Conversely, the Japanese yen came under pressure due to rising U.S. Treasury yields and weaker-than-expected domestic data. Japan’s August service producer price index (PPI) increased by 2.7% year-over-year but fell short of the anticipated 2.9%, exacerbating the yen's slide. The USD/JPY pairing soared, driving the yen to its lowest point since February.
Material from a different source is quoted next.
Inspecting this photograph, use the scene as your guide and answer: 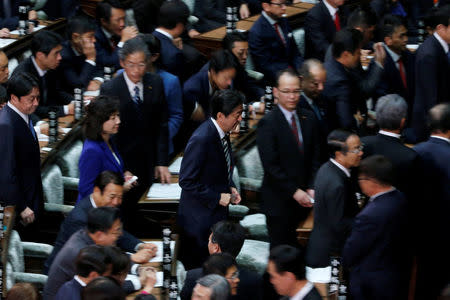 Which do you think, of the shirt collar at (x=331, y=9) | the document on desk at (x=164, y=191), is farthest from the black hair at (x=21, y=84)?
the shirt collar at (x=331, y=9)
Gold Prices See Safe-Haven Demand Amid Geopolitical Strain
While the dollar's strength weighed on gold prices initially, escalating geopolitical tensions between Russia and NATO spurred safe-haven demand, prompting a modest recovery. Gold's rebound highlights its enduring appeal during periods of heightened uncertainty, counterbalancing early-session losses.
Market Focus Shifts to Upcoming FOMC Meeting
Despite the robust economic data and hawkish rhetoric from the Federal Reserve, markets still anticipate an 86% probability of a 25-basis-point rate cut at the Federal Open Market Committee (FOMC) meeting scheduled for November 28–29. However, stronger-than-expected data and the Fed’s insistence on a cautious approach to monetary policy have begun to temper these expectations.
Investors now turn their attention to forthcoming economic releases and potential geopolitical developments for further clarity. As the November FOMC meeting approaches, the interplay between incoming data and central bank signaling will be pivotal in shaping the dollar's trajectory and broader market sentiment.